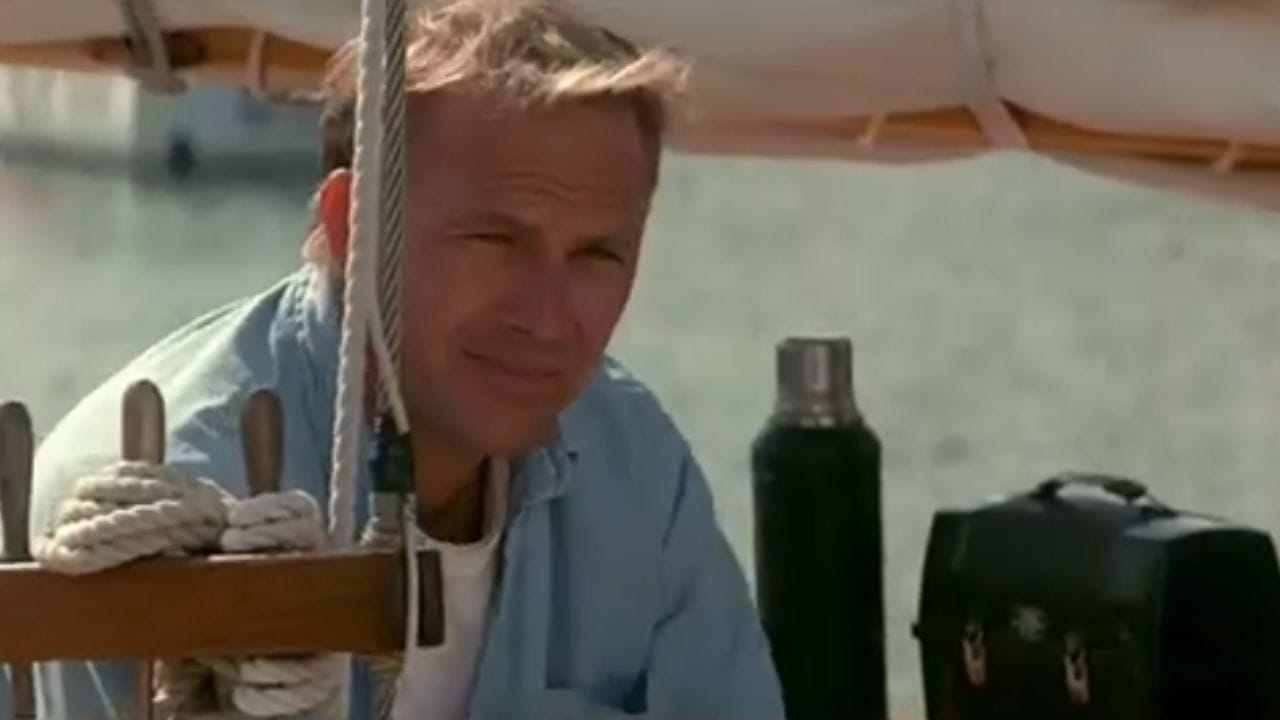 Message In A Bottle, Warner Bros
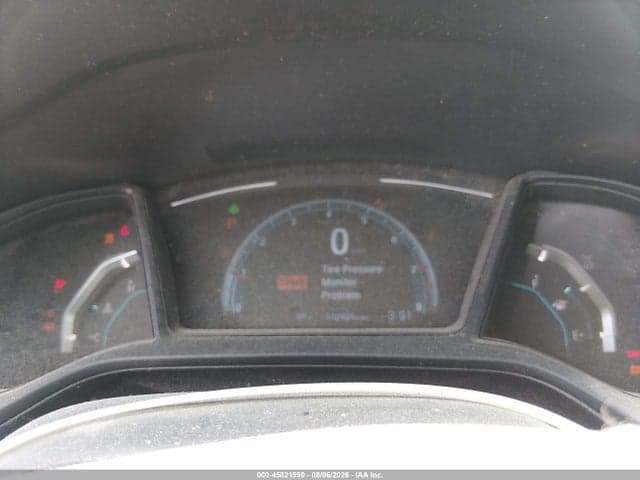 2020 HONDA CIVIC LX 7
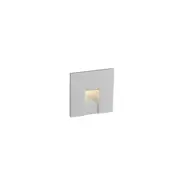 Nox Step LED Ljus Kit Square Alu/Vit ANTIDARK - Hall - Aluminium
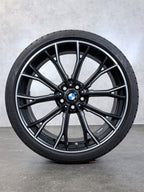 Original BMW 5er G30 G31 Sommerräder 20 Zoll 669 6884498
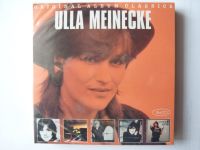 Ulla Meinecke: Original Album Classics (1980-1994) Box mit 5 CDs Niedersachsen - Wolfsburg Vorschau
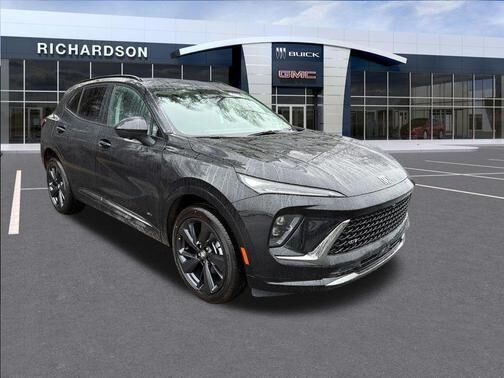 2026 BUICK Envision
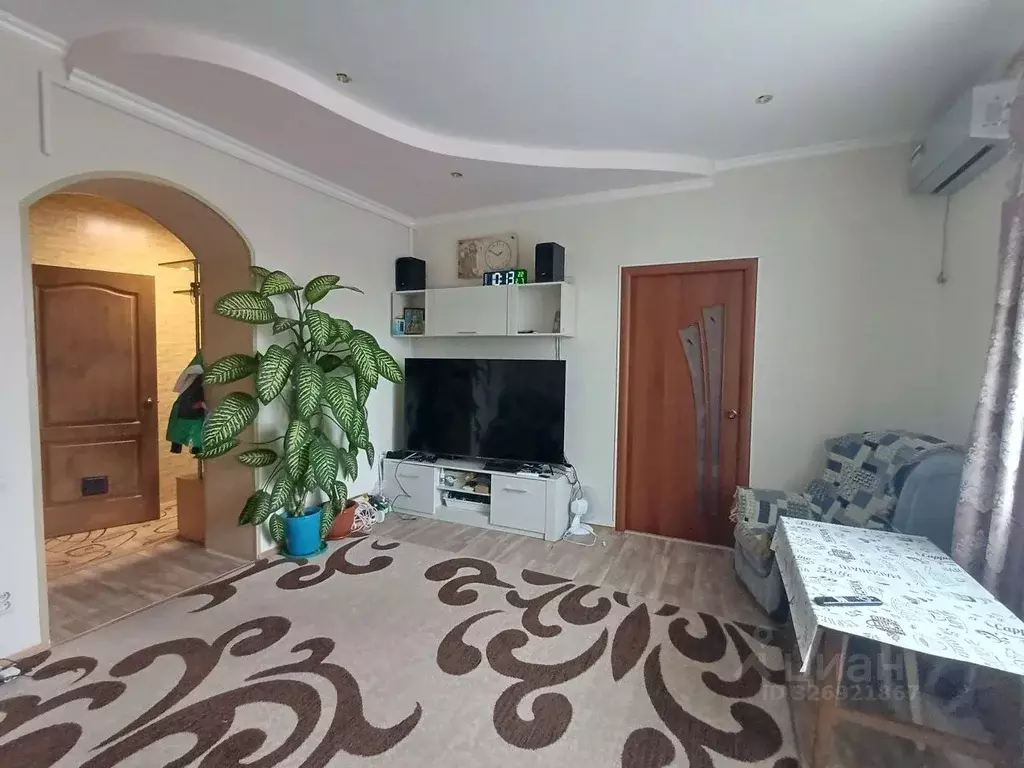 3-к кв. Крым, Керчь ул. Бардина, 13 (60.0 м) - Фото 1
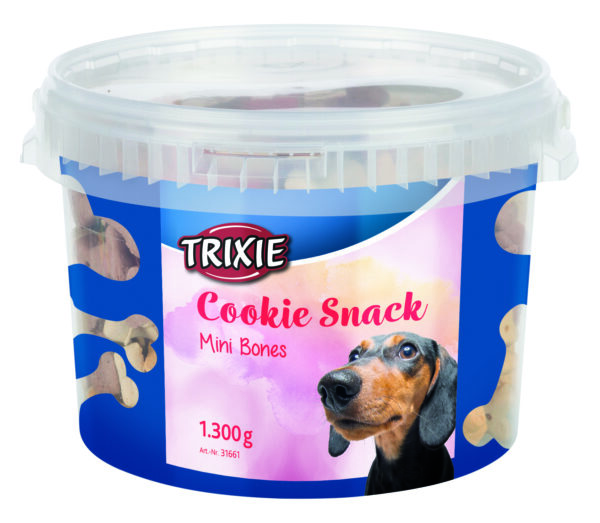 Trixie Cookie Mini Bones 1,3kg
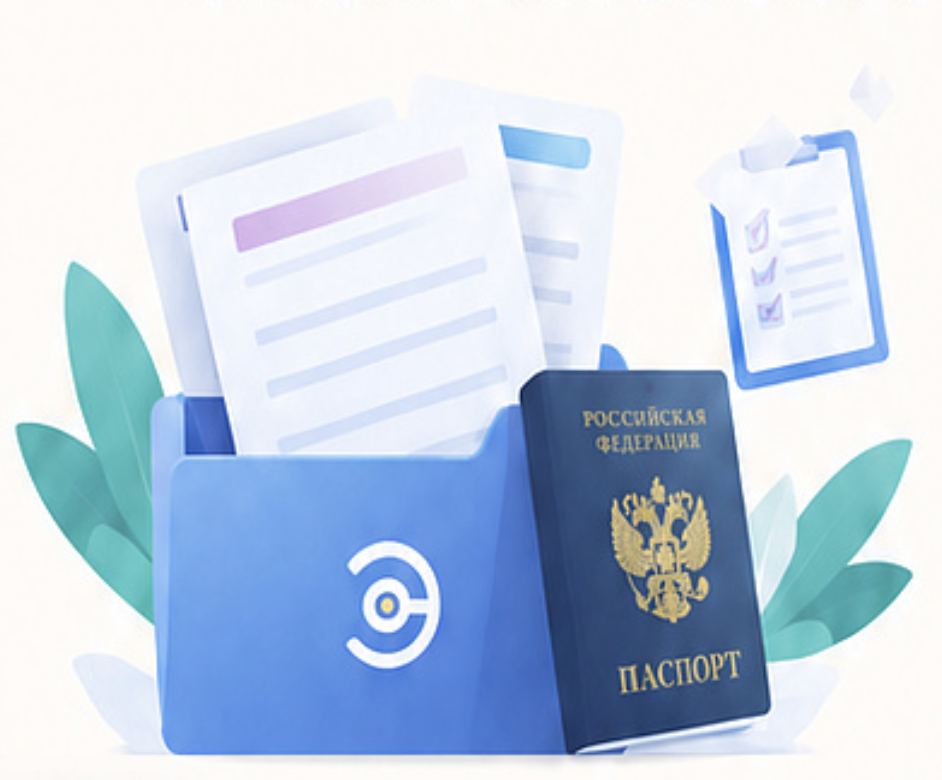 Документы для зачисления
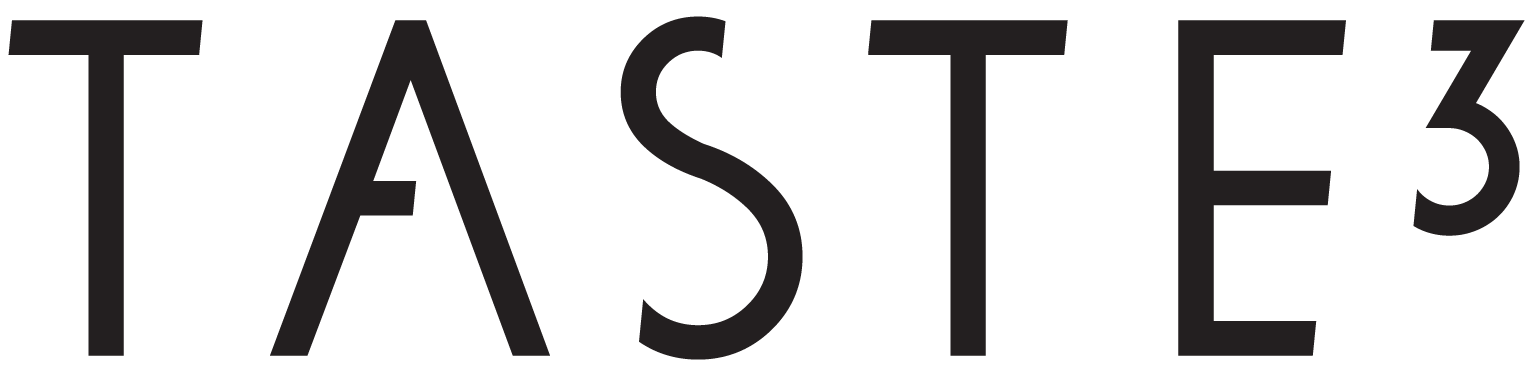 Taste3 logo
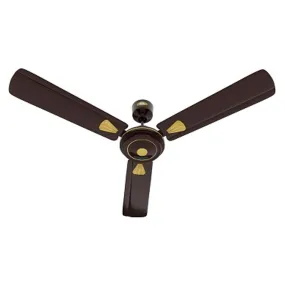 TVS Lucas Deluxe Ceiling Fan With Regulator 1200 mm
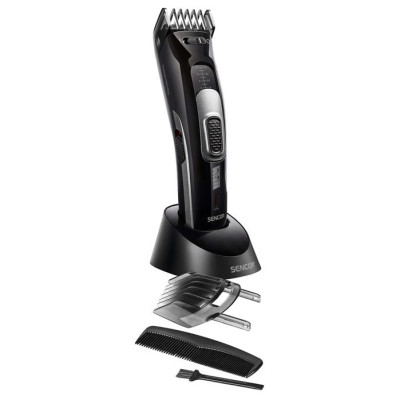 Машинка для стрижки Sencor SHP 4501BK (6542542) Машинка для стрижки Sencor SHP 4501BK (6542542)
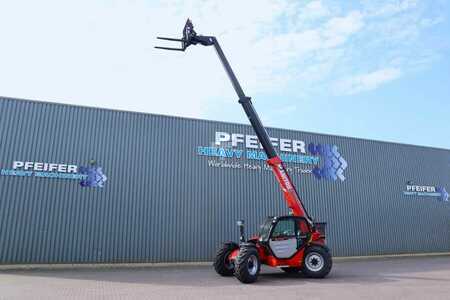 Telescopic forklift rigid - Manitou MT933 EASY 75D ST5 S1 Valid inspection, *Guarantee (3)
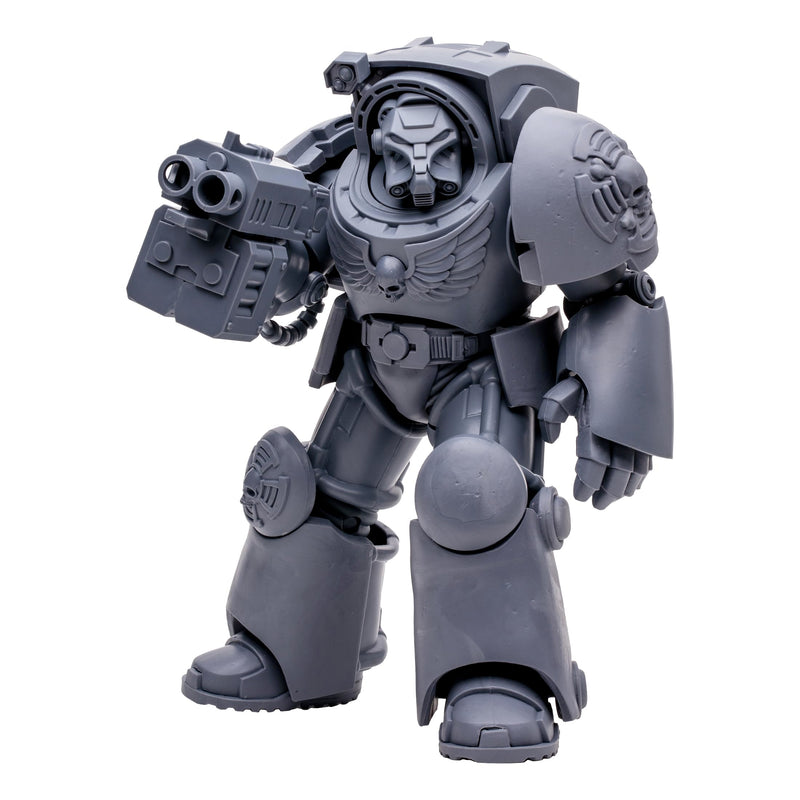 McFarlane Toys - Warhammer 40,000 Adeptus Astartes Terminator (Artist Proof) Mega Figure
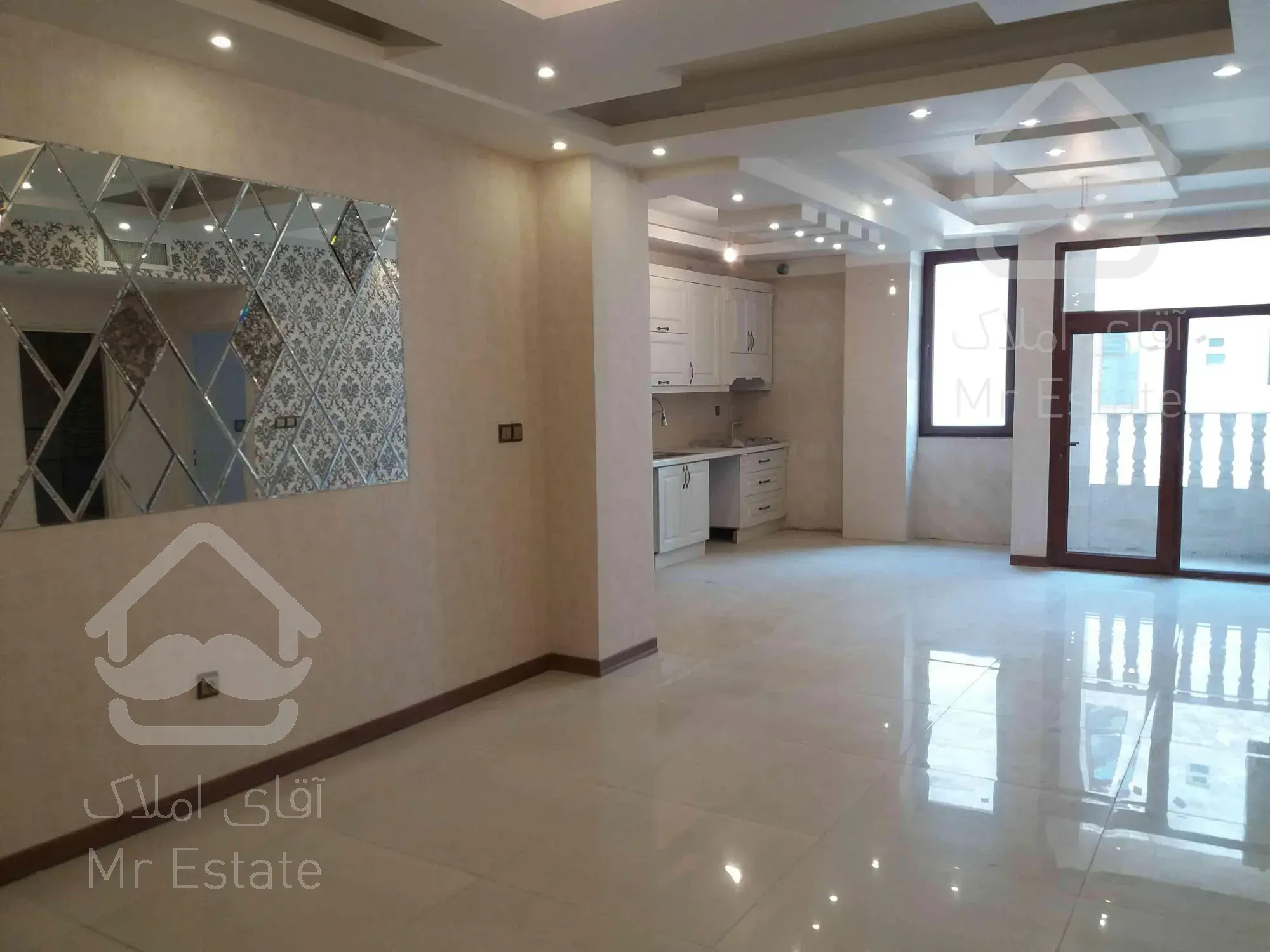 خریدآپارتمان۸۰متری دوخواب نوساز فردوس غرب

_Description of the task_: Repeat the material above in full and unchanged, minus its images.

_Reply to the exercise_:
 Message In A Bottle, Warner Bros
 2020 HONDA CIVIC LX 7
 Nox Step LED Ljus Kit Square Alu/Vit ANTIDARK - Hall - Aluminium
 Original BMW 5er G30 G31 Sommerräder 20 Zoll 669 6884498
 Ulla Meinecke: Original Album Classics (1980-1994) Box mit 5 CDs Niedersachsen - Wolfsburg Vorschau
 2026 BUICK Envision
 3-к кв. Крым, Керчь ул. Бардина, 13 (60.0 м) - Фото 1
 Trixie Cookie Mini Bones 1,3kg
 Документы для зачисления
 Taste3 logo
 TVS Lucas Deluxe Ceiling Fan With Regulator 1200 mm
 Машинка для стрижки Sencor SHP 4501BK (6542542) Машинка для стрижки Sencor SHP 4501BK (6542542)
 Telescopic forklift rigid - Manitou MT933 EASY 75D ST5 S1 Valid inspection, *Guarantee (3)
 McFarlane Toys - Warhammer 40,000 Adeptus Astartes Terminator (Artist Proof) Mega Figure
 خریدآپارتمان۸۰متری دوخواب نوساز فردوس غرب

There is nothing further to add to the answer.